Mme GIFTI ABASIYA, Ministre d’Etat aux affaires féminines, a expliqué que la Constitution de l’Ethiopie fait référence aux instruments internationaux qu’a ratifiés le pays et précise que ces textes font partie intégrante du droit éthiopien. Depuis 1993, des efforts ont été déployés pour promouvoir le texte de la Convention dans les communautés locales. Nous organisons des débats publics, des campagnes de sensibilisation, le texte de la Convention a été traduit dans les langues locales, les médias diffusent des programmes de formation à l’égalité. L’article 5 de la Convention garantit les droits individuels des droits et des femmes sans discrimination.
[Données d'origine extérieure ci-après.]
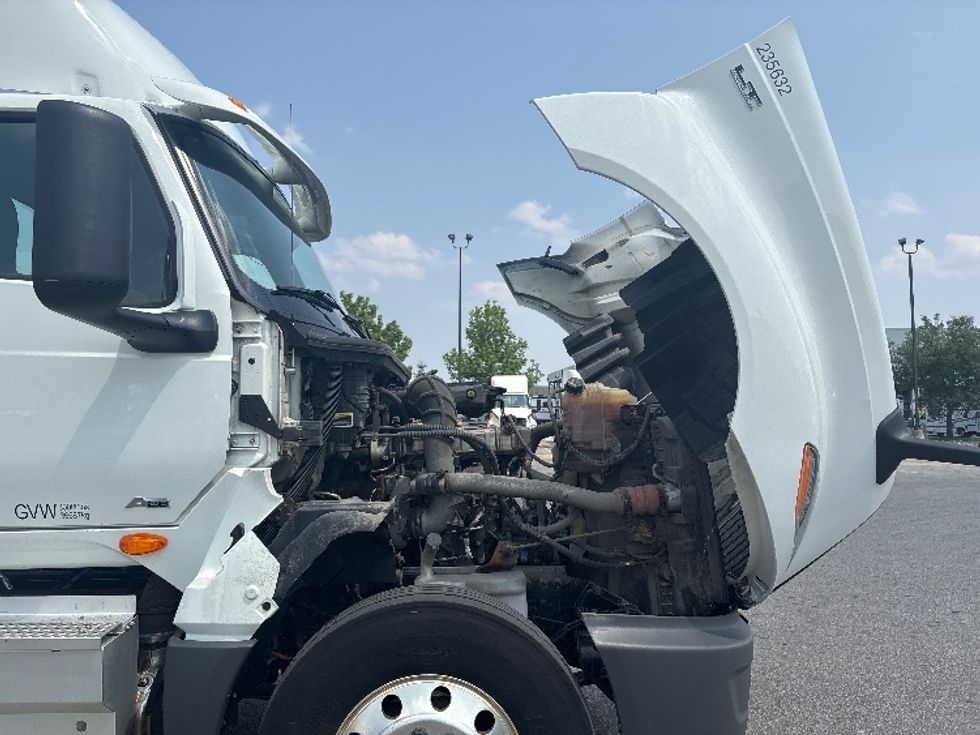 Day Cab Tractor-Heavy Duty Tractors-International-2019-LT625-Mississauga-ON-289,229\n\t\tkm-$ 37,750 - Image 15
L’article 5 de la Constitution précise que toutes les personnes sont égales devant la loi. Il existe un Comité national chargé de veiller à l’interdiction de la traite de femmes. Nous disposons de bureaux consulaires dans les pays d’accueil qui emploient les femmes migrantes éthiopiennes. Lors des deux dernières élections, un nombre important de femmes ont présenté leur candidature. Un programme de développement du secteur de la santé sur 20 ans est en cours de réalisation. Les individus sont égaux devant la loi et ont droit à la même protection.
Dialogue avec les experts
Articles 1 à 6 de la Convention
Mme AYSE FERIDE ACAR, experte turque et Présidente du Comité, a rappelé que le pays avait ratifié la Convention en 1981 tout en appelant l’attention de la délégation sur l’existence du Protocole facultatif dont les dispositions visent à accroître l’efficacité de l’application de la Convention. Elle a également noté que l’Ethiopie n’avait pas ratifié l’amendement à l’article 20 de la Convention.
Mme HANNA BEATE SCHOPP-SCHILLING, experte de l’Allemagne, a relevé un manque de données statistiques. Elle a demandé si le Gouvernement entendait progresser sur le front de la collecte de données qui sont à la base de la planification des politiques. Sur la base d’informations indépendantes, elle s’est réjouie des changements apportés au Code de la famille même si six des neuf gouvernements locaux continuent d’appliquer l’ancien code. Qui contrôle la mise en œuvre de ces politiques et des actions positives? Mme NAELA GABR, experte de l’Egypte, a souligné que la promotion de la femme devrait être à la base du développement du pays tout en se disant consciente des difficultés que connaît l’Ethiopie.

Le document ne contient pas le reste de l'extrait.